[[ Material for this exercise, beginning ]]

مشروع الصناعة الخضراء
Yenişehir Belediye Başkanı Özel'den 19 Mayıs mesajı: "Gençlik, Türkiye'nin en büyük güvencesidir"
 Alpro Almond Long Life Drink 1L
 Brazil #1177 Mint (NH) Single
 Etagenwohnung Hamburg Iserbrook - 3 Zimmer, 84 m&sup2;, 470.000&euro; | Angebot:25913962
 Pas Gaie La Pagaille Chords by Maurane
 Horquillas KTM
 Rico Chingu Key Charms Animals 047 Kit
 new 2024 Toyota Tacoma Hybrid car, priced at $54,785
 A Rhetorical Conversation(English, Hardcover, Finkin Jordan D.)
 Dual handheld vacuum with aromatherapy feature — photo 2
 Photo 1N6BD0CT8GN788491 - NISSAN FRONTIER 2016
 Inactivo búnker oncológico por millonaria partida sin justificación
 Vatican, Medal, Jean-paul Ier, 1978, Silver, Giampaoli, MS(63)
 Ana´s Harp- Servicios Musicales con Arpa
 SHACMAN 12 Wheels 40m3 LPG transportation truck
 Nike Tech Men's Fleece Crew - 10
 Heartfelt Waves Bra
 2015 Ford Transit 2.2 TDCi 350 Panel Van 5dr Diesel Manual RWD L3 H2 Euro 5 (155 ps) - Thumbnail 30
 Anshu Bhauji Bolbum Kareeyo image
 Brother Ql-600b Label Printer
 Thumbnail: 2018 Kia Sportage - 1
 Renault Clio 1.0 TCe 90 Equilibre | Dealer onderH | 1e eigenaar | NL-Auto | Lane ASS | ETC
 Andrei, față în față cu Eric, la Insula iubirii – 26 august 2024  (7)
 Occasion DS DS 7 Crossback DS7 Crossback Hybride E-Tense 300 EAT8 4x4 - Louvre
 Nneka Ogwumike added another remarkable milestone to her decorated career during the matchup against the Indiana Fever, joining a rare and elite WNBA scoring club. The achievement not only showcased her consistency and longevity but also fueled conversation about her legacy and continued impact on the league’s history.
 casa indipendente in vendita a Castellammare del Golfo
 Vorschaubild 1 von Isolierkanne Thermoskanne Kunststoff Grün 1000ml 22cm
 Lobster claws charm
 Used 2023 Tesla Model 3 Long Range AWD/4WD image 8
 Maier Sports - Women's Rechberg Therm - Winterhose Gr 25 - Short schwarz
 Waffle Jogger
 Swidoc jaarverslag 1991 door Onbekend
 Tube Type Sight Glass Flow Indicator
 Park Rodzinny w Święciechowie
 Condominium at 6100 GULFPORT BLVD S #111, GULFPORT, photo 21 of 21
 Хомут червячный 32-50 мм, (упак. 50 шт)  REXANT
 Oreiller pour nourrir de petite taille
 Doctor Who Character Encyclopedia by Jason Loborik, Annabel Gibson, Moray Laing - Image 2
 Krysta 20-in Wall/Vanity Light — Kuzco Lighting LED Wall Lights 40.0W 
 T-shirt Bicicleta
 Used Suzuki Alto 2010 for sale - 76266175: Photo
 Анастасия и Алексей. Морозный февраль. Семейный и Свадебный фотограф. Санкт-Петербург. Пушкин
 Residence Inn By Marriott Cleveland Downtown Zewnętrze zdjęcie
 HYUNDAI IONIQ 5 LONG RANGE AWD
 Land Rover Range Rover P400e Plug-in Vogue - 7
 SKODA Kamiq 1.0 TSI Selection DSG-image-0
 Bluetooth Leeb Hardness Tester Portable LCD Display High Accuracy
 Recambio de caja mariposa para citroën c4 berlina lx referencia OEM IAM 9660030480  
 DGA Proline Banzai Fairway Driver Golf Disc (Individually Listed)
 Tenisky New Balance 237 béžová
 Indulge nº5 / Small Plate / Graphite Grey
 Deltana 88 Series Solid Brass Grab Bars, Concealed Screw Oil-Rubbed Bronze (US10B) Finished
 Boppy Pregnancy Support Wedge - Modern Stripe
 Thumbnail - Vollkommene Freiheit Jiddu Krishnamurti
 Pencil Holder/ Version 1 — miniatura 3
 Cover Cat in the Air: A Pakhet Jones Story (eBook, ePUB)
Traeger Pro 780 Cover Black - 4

[[ Material for this exercise, end ]]

▸ Description of the task
Please output exactly the lines between the one holding "Photo 1N6BD0CT8GN788491 - NISSAN" and the one holding "casa indipendente in" in the records above, inclusive, and nothing more.

▸ Answer area
 Photo 1N6BD0CT8GN788491 - NISSAN FRONTIER 2016
 Inactivo búnker oncológico por millonaria partida sin justificación
 Vatican, Medal, Jean-paul Ier, 1978, Silver, Giampaoli, MS(63)
 Ana´s Harp- Servicios Musicales con Arpa
 SHACMAN 12 Wheels 40m3 LPG transportation truck
 Nike Tech Men's Fleece Crew - 10
 Heartfelt Waves Bra
 2015 Ford Transit 2.2 TDCi 350 Panel Van 5dr Diesel Manual RWD L3 H2 Euro 5 (155 ps) - Thumbnail 30
 Anshu Bhauji Bolbum Kareeyo image
 Brother Ql-600b Label Printer
 Thumbnail: 2018 Kia Sportage - 1
 Renault Clio 1.0 TCe 90 Equilibre | Dealer onderH | 1e eigenaar | NL-Auto | Lane ASS | ETC
 Andrei, față în față cu Eric, la Insula iubirii – 26 august 2024  (7)
 Occasion DS DS 7 Crossback DS7 Crossback Hybride E-Tense 300 EAT8 4x4 - Louvre
 Nneka Ogwumike added another remarkable milestone to her decorated career during the matchup against the Indiana Fever, joining a rare and elite WNBA scoring club. The achievement not only showcased her consistency and longevity but also fueled conversation about her legacy and continued impact on the league’s history.
 casa indipendente in vendita a Castellammare del Golfo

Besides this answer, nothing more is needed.